Śledczy sprawdzą, czy naraziła córkę na utratę życia lub zdrowia.

 


Tyscy policjanci zatrzymali 21-letnią matkę, podejrzaną o sprawowanie opieki nad swoją 4 miesięczną córką będąc pod wpływem środków zastępczych najprawdopodobniej dopalaczy. Policjanci ustalą czy naraziła ją na utratę życia i zdrowia. Za taki czyn grozi nawet 5 – letni pobyt w więzieniu.
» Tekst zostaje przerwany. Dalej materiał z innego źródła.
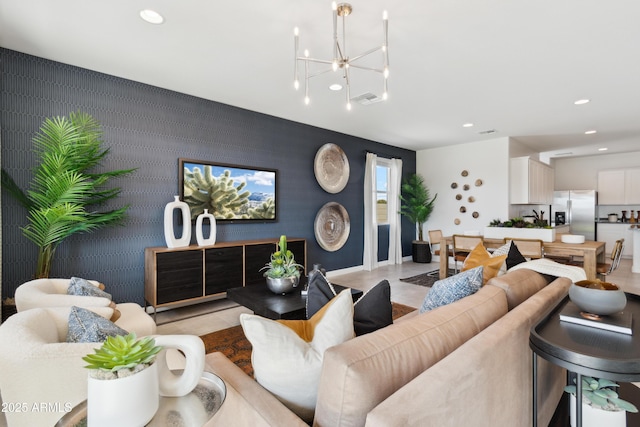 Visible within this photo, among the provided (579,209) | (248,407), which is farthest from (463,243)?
(579,209)

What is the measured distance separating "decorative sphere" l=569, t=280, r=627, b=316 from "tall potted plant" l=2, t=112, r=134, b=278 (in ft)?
11.2

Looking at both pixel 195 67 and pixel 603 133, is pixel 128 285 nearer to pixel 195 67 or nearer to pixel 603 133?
pixel 195 67

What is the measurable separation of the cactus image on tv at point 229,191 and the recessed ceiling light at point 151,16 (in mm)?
1734

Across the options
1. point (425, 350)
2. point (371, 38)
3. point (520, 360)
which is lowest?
point (520, 360)

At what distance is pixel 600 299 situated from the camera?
1288 millimetres

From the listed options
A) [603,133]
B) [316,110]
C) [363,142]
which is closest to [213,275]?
[316,110]

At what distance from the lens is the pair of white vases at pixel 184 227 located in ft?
11.4

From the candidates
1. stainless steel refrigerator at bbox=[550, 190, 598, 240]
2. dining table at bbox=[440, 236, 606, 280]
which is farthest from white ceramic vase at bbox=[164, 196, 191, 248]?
stainless steel refrigerator at bbox=[550, 190, 598, 240]

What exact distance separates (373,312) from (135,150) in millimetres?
3334

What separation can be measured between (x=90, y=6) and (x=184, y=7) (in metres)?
0.67

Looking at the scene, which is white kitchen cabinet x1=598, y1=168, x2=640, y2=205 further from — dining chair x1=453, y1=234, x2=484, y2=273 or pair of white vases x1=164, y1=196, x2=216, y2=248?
pair of white vases x1=164, y1=196, x2=216, y2=248

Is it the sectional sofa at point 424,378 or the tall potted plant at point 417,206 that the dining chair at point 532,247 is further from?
the sectional sofa at point 424,378

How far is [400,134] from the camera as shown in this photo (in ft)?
19.0

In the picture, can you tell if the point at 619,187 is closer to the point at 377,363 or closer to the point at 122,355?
the point at 377,363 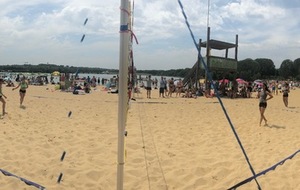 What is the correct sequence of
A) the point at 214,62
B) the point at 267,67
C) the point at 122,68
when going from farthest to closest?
the point at 267,67
the point at 214,62
the point at 122,68

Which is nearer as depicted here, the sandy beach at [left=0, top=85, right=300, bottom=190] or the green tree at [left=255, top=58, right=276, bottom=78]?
the sandy beach at [left=0, top=85, right=300, bottom=190]

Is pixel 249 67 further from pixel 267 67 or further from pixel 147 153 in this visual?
pixel 147 153

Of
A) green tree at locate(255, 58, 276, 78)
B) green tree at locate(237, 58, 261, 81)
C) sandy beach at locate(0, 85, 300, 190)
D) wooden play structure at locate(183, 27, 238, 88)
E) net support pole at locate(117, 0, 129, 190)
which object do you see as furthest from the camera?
green tree at locate(255, 58, 276, 78)

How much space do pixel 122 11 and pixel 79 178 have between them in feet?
8.80

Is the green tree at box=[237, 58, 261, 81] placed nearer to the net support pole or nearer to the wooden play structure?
the wooden play structure

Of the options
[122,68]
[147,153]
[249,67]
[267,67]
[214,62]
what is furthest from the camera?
[267,67]

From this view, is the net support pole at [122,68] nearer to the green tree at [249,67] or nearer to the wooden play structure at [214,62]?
the wooden play structure at [214,62]

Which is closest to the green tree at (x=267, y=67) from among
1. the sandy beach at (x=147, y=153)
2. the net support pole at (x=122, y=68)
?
the sandy beach at (x=147, y=153)

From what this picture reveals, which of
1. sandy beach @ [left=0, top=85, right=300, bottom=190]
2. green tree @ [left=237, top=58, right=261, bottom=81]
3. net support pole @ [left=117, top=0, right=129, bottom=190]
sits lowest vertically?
sandy beach @ [left=0, top=85, right=300, bottom=190]

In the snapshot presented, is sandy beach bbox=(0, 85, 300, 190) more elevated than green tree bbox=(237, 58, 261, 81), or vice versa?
green tree bbox=(237, 58, 261, 81)

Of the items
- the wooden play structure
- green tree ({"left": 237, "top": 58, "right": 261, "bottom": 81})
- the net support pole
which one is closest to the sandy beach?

Dyżurny tyskiej komendy otrzymał zgłoszenie, że matka podała niemowlakowi dopalacze. Okazało się, że 21-letnia kobieta przestraszyła się, że na smoczku z butelki wody, którą skosztowała i podawała córce, pozostały dopalacze, które wcześniej ona sama zażyła. 4-miesięczna dziewczynka trafiła do szpitala, gdzie wstępne badania wykluczyły zatrucie dopalaczami. Policjanci zawiadomili Miejski Ośrodek Pomocy Społecznej w Tychach oraz Sąd Rodzinny, który zadecyduje o dalszym losie dziewczynki. 21-letnia matka pojechała do szpitala na badania, gdzie została pobrana jej krew, a następnie trafiła do policyjnego aresztu. Kobieta po przesłuchaniu najprawdopodobniej usłyszy zarzut sprowadzenia narażenia na utratę życia lub zdrowia w związku z opieką nad 4 miesięczną córką będąc w stanie po zażyciu środków zastępczych tzw. dopalaczy. Za taki czyn grozi nawet 5 – letni pobyt w więzieniu.